Abstract

Primate studies suggest the auditory cortex is organized in at least two anatomically and functionally separate pathways: a ventral pathway specializing in object recognition and a dorsal pathway specializing in object localization. The current experiment assesses the validity of this model in human listeners using fMRI to investigate the neural substrates of spatial and non-spatial temporal pattern information. Targets were differentiated from non-targets on the basis of two levels of pitch information (present vs. absent, fixed vs. varying) and two levels of spatial information (compact vs. diffuse sound source, fixed vs. varying location) in a factorial design. Analyses revealed spatially separate responses to spatial and non-spatial temporal information.

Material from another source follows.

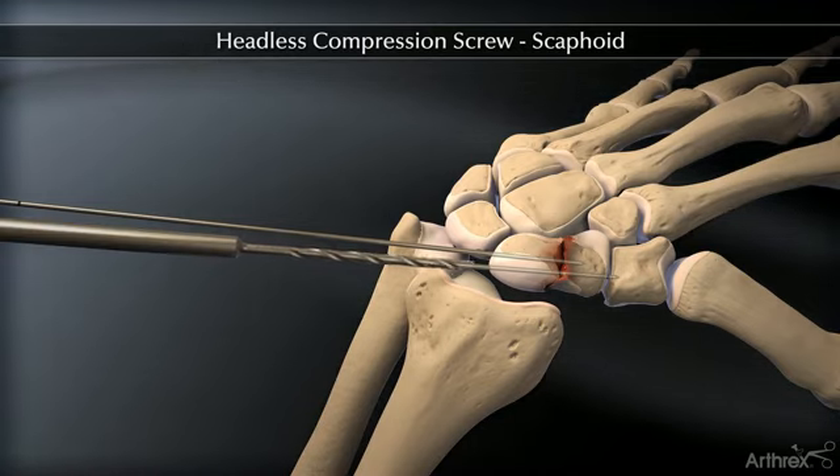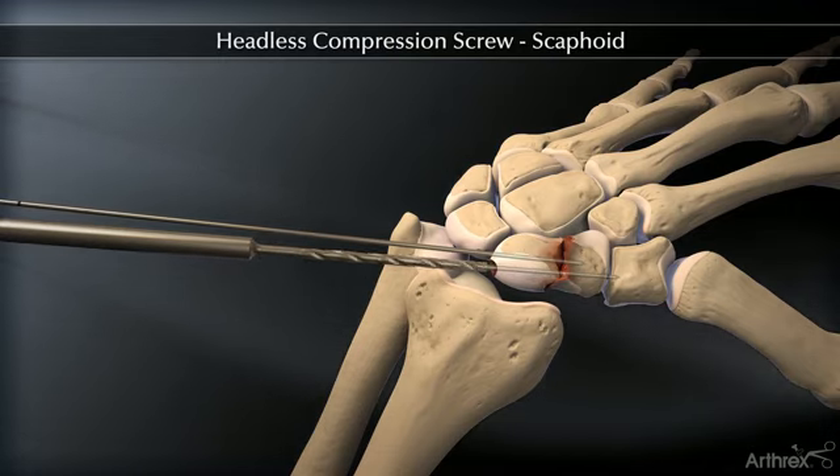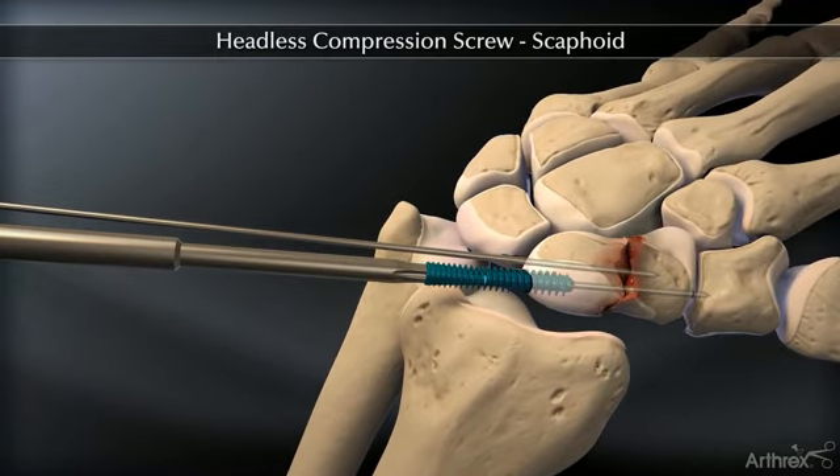Next, drill into the far fragment with the long drill. Insert the correctly sized screw with the appropriate driver.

The main activation associated with pitch occurred predominantly in Heschl's gyrus (HG) and planum polare, while that associated with changing sound source location occurred posterior to HG, in planum temporale (PT). Activation common to both pitch and changing spatial location was located bilaterally in anterior PT. Apart from this small region of overlap, our data support the anatomical and functional segregation of ‘what’ and ‘where’ in human non-primary auditory cortex. Our results also highlight a distinction in the sensitivity of anterior and posterior fields of PT to non-spatial information and specify the type of spatial information that is coded within early areas of the spatial processing stream.